Same too does Michael Rider’s Celine stiff scarf remind me of floral wrapping. Must copy this structure soon in my next bouquet. Apologies to the model here but I want to smother his face in blooms.
Bravo to The Vxlley for going full flower vase hog. This collection was every florists dream.
Designer’s closing bridal looks always titillate my floral desires. I loved Vaquera’s gypsophila and Andreas Kronthaler’s radishes for Vivienne Westwood bouquets.
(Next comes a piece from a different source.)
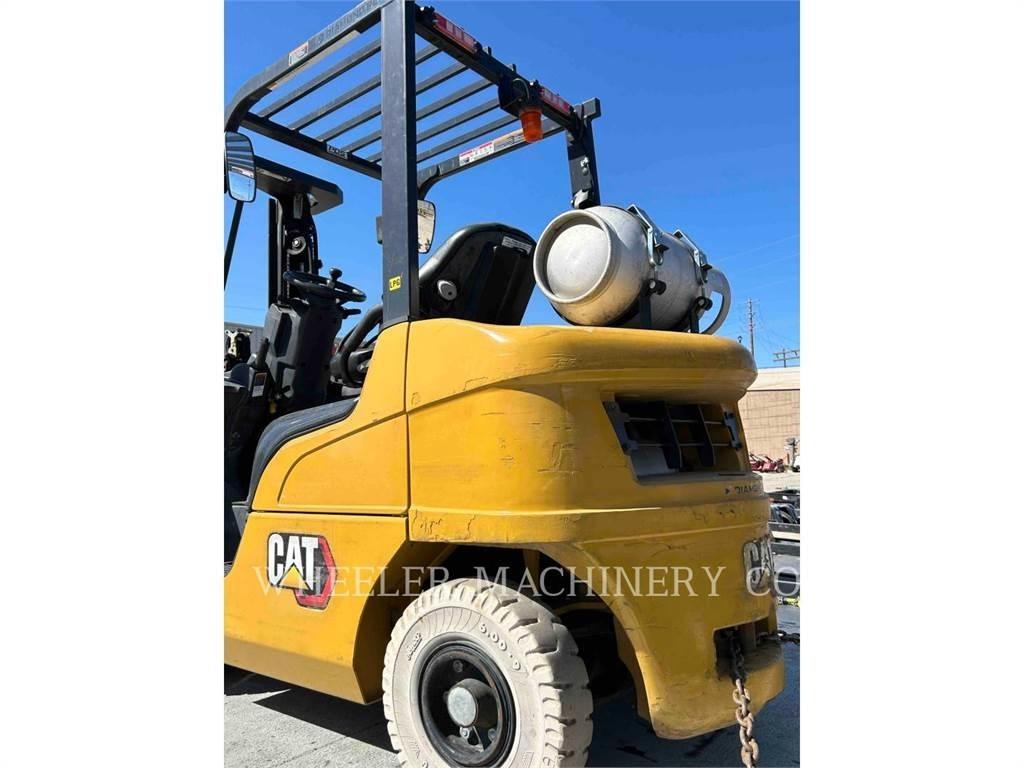 CAT IF GP25N5 Gaffeltrucks - andre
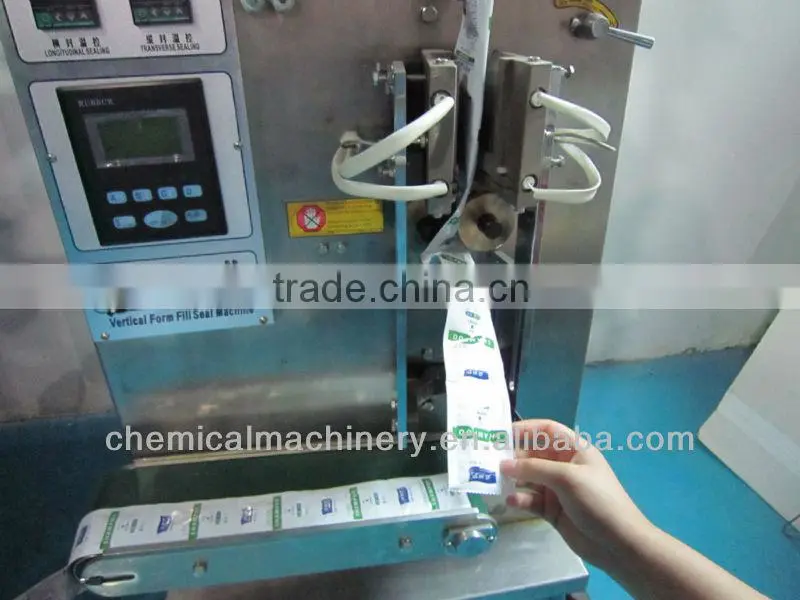 FLK hot sell carton liquid filling packing machine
I of course can’t discuss florals in fashion without mentioning Jonathan Anderson at Dior. I much preferred his Spring 26 Couture collection (still bopping to the Max Richter soundtrack) than his FW26. FW26 felt too confused, disjointed, like he got lost in the couture atelier Chocolate factory and wanted to show off what they could do rather than designing clothes that women actually want to wear (queue Matthieu Blazy’s Chanel, Michael Rider’s Celine, Louise Trotter’s Bottega Veneta and Sarah Burton’s Givenchy) but I hate to poo poo designers, especially those at enormous powerhouses. It’s a supremely stressful and complicated role that takes time to revise and reestablish, time that most designers don’t get enough of for they are hired and fired faster than football coaches. My heart goes out to Dario Vitale who only got one season at Versace before Prada strategically ousted him-thorny fashion indeed. Let’s hope he gets another opportunity elsewhere to thrive beyond one season.
But back to Jonathan, whilst his most recent collection might not have been my cup of tea, there’s no denying that he is a master of building a brand. No designer understands and talks about the power of branding and marketing like him. Listen to his interview with Imran Ahmed on the BOF podcast to understand his genius. But oh his flowers! They adorned ceilings for his Spring 26 couture show, they floated along Monet Giverny garden inspired waters for his FW26 show and clung to accessories and clothing galore.


Here’s my hand picked/tied collection of thorny but more affordable fashion:
Sandy Lliang spring onion dress
Lisa Says Gah tulip bouquet corset and skirt
So there you have it. Wear black, wear florals, channel Carolyn or Cathy. Dress the part and be horny and/or thorny.